Will Brooks’ 50 Year Diary - watching Doctor Who one episode a day from the very start...
Day 737: The Long Game
Dear diary,
Oh, poor The Long Game. It’s always had a reputation of being the black sheep of Season One, hasn’t it? I didn’t really wander in to online fandom until sometime during 2006, but I can recall learning very quickly that this wasn’t an episode that people really liked. I can also remember being a little bit surprised by the fact, because I’ve never really though of it as being a weak episode, it’s just A. N. Other episode of Doctor Who. Perhaps that’s the problem?

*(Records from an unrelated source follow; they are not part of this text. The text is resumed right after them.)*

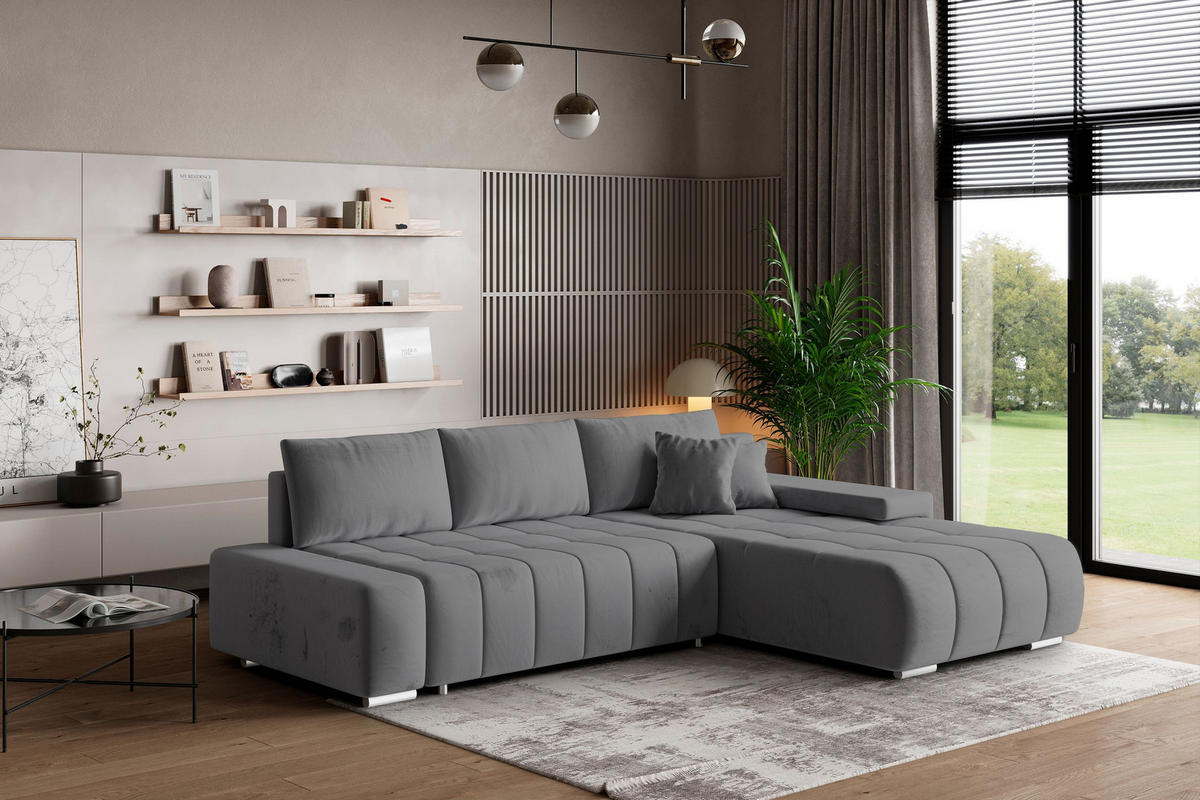 ECKSOFA ALESE R-S Grau Velours-Stoff mit Schlaffunktion - Grau, Holz (265/185cm) - MASSENO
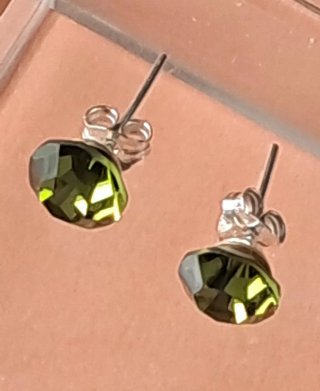 Pendientes Plata Cristal Facetado Verde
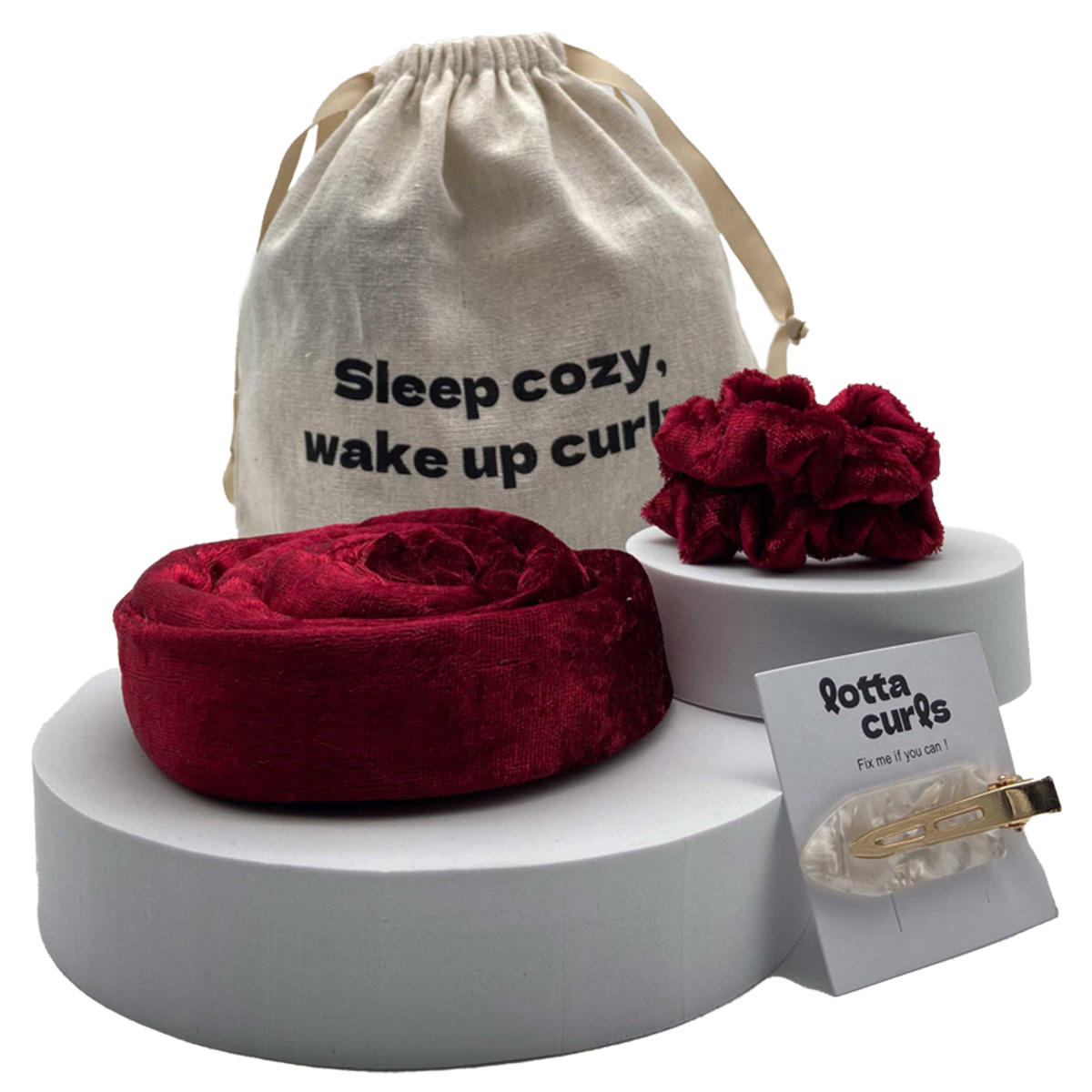 lotta curls Lockenband Set Bordeaux Red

People talk of the stories they love, and the stories they hate, and episodes like The Long Game just disappear down the cracks between the two sides, nestled forever with the likes of The Smugglers.

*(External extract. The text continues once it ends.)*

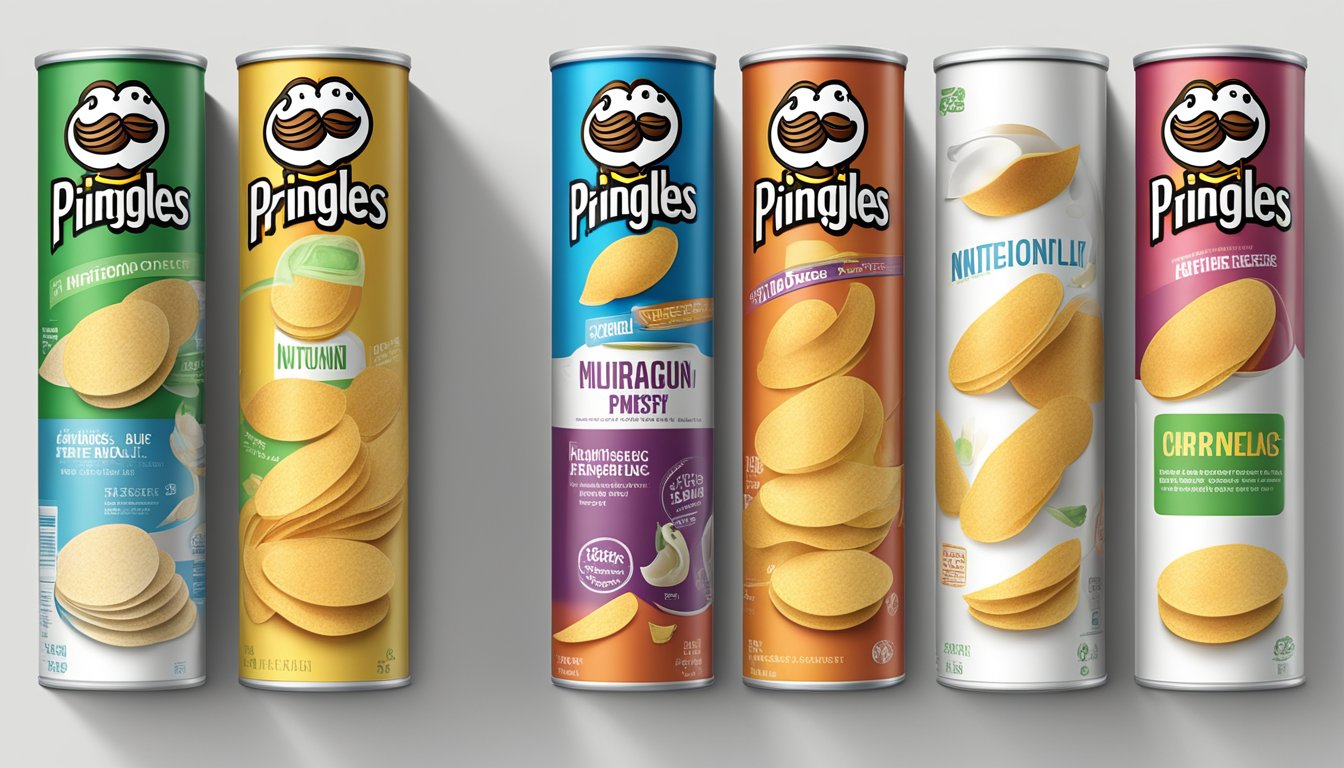 A stack of Pringles cans with a nutrition label, surrounded by empty cans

I can’t help but wonder if it’s partly because The Long Game is situated here in the middle of Series One for a very specific purpose. It’s not an episode as exciting as last week’s, which you can just pop on and watch because you want to see some action; it doesn’t hold the same emotional punch that we’ll get with the next episode, and I don’t think it’s even scary in the way that the Steven Moffat two-parter on the horizon will be. It’s far more about the relationships between the characters, and taking stock of where we’ve been so far, and where we’re yet to go.
Most obviously, this can be seen in the relationship between the Doctor and Rose, but I’m only noticing just how nicely done it is on this viewing, perhaps because the pace of one episode a day is allowing me enough time to ruminate on them, without leaving it so long that I lose the subtleties. Those first three stories of the season were very much about the Doctor taking Rose out to show her the universe. Expand the horizons of a girl who felt trapped in her humdrum life. Oh, sure, Rose get’s to be central to these episodes and not just a tag-along, but she’s very much the novice. By the time of Dalek, they do something very clever - stepping out into Van Stattan’s museum, both the Doctor and Rose get to recognise an exhibit. Suddenly, she’s not the new girl anymore, she’s a somewhat seasoned traveller.
The Long Game then comes along and reminds us that she’s not really up to the Doctor’s level yet, though, and we get the brilliant scene of the Doctor priming her on their new time and place so that she can showboat to Adam. Ah, yes, Adam. He’s the other very clever thing about this episode, and he’s in some ways the heart of it - right back in Davies’ initial pitches for this episode, it was always ‘the companion who couldn’t’, and it further helps to reinforce Rose’s position in the ship. It’ll have knock on consequences for later in the season, too, when we get another male companion coming aboard who is the right material for life with the Doctor.
Adam also gets to play an important role in re-shaping the Doctor post-Time War, too. I commented the other day that Series One, and the Ninth Doctor, is all about building to that rebirth that allows him to really be himself again. This incarnation more than any for a long time really sees humans as a bit thick, by and large. And yet both Micky and Adam - two people he mocks brazenly - as questions he initially dismisses before realising that they’re exactly the ones to ask. They serve a purpose in helping him remember to listen to the little people.
Otherwise… it’s no wonder he goes a little bit off the rails, is it? They’re not long on the station before the Doctor and Rose have swanned off to investigate and explore, and he ends up just wandering around on his own like a kid in a sweetshop. For someone who’s incredibly tech-savvy and has spent years studying alien artefacts… it was never going to end well, was it? I love the idea of a companion coming aboard and then being immediately kicked out again because they’re just not up to scratch - and it’s a bold thing to do in the first ‘new’ series of the show, really helping to cement Rose, Martha, and all the others to come as being the cream of the crop.